Risang Rimbatmaja dari UNICEF mengatakan, UNICEF melakukan survei persepsi orangtua terhadap PTM. Tujuannya untuk melihat, apakah orangtua setuju PTM karena merasa capek mendampingi anak BDR, mempersiapkan anaknya, memastikan sekolah sehat, berdialog dengan guru, meminta persiapan yang matang dari sekolah, hingga orangtua memahami atau tidak sekolah aman untuk PTM. Survei dilakukan pada 1.200 orang dari sejumlah daerah yang akan dirilis pertengahan September ini.
Pemantauan ke sekolah
Sementara itu, Menteri Pendidikan, Kebudayaan, Riset, dan Teknologi Nadiem Anwar Makarim kemarin meninjau PTM terbatas di Bogor dan DKI Jakarta. Nadiem didampingi Anggota Komisi X DPR Putra Nababan mengecek pelaksanaan PTM terbatas di SD Swasta Santo Fransiskus III, SMP PGRI 20, dan SMAN 71.

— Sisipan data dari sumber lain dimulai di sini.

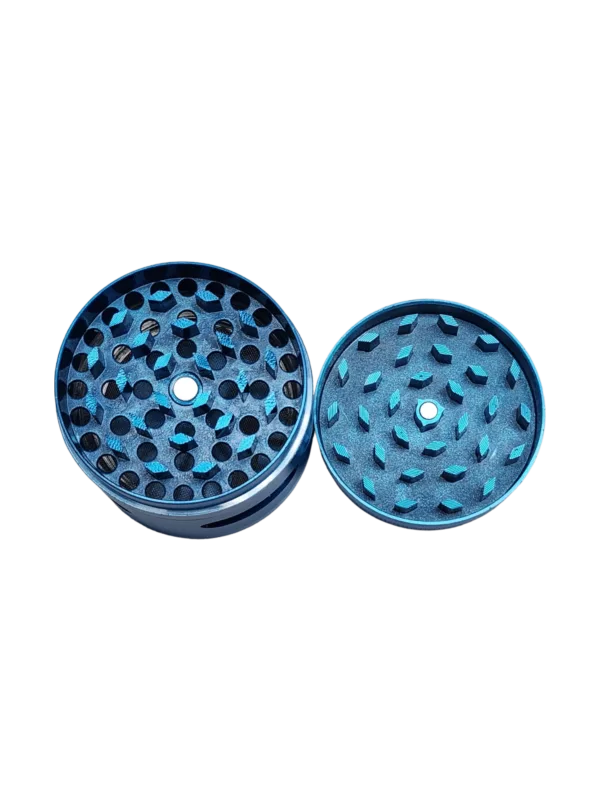 Blue & silver labyrinth grinder with small circular shape and multiple holes for herb grinding. Handle for easy use. Close up on green background.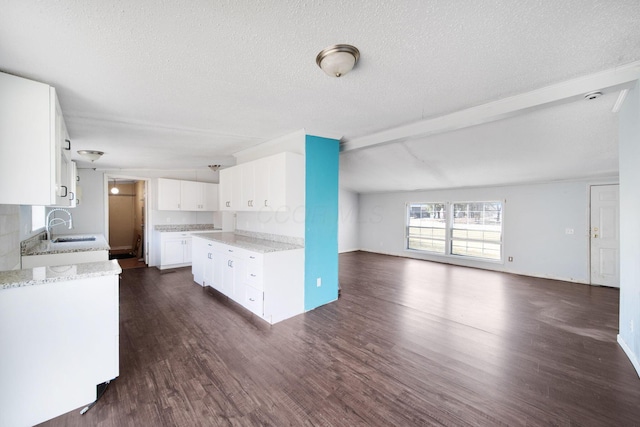 kitchen with white cabinets, open floor plan, dark wood-type flooring, light stone countertops, and a sink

Saat ini, Provinsi DKI Jakarta merupakan wilayah pemberlakuan pembatasan kegiatan masyarakat (PPKM) level 3, di mana sekolah sudah diperbolehkan melaksanakan PTM terbatas. ”Hari ini saya sangat gembira melihat kembali pembelajaran dan interaksi di sekolah. Semoga segenap warga sekolah dapat mempertahankan disiplin protokol kesehatan dan semangat dalam menjalankan PTM terbatas,” ujar Nadiem.
Nadiem mengingatkan, sekolah di wilayah PPKM level 1-3 sudah diperbolehkan PTM terbatas. ”Apalagi yang pendidik dan tenaga kependidikannya sudah divaksinasi secara lengkap, ada kewajiban bagi sekolah memberikan opsi PTM terbatas dan juga pembelajaran jarak jauh (PJJ) tanpa diskriminasi karena orangtualah yang memegang keputusan terakhir. Itu sudah diatur dalam SKB Empat Menteri,” lanjutnya.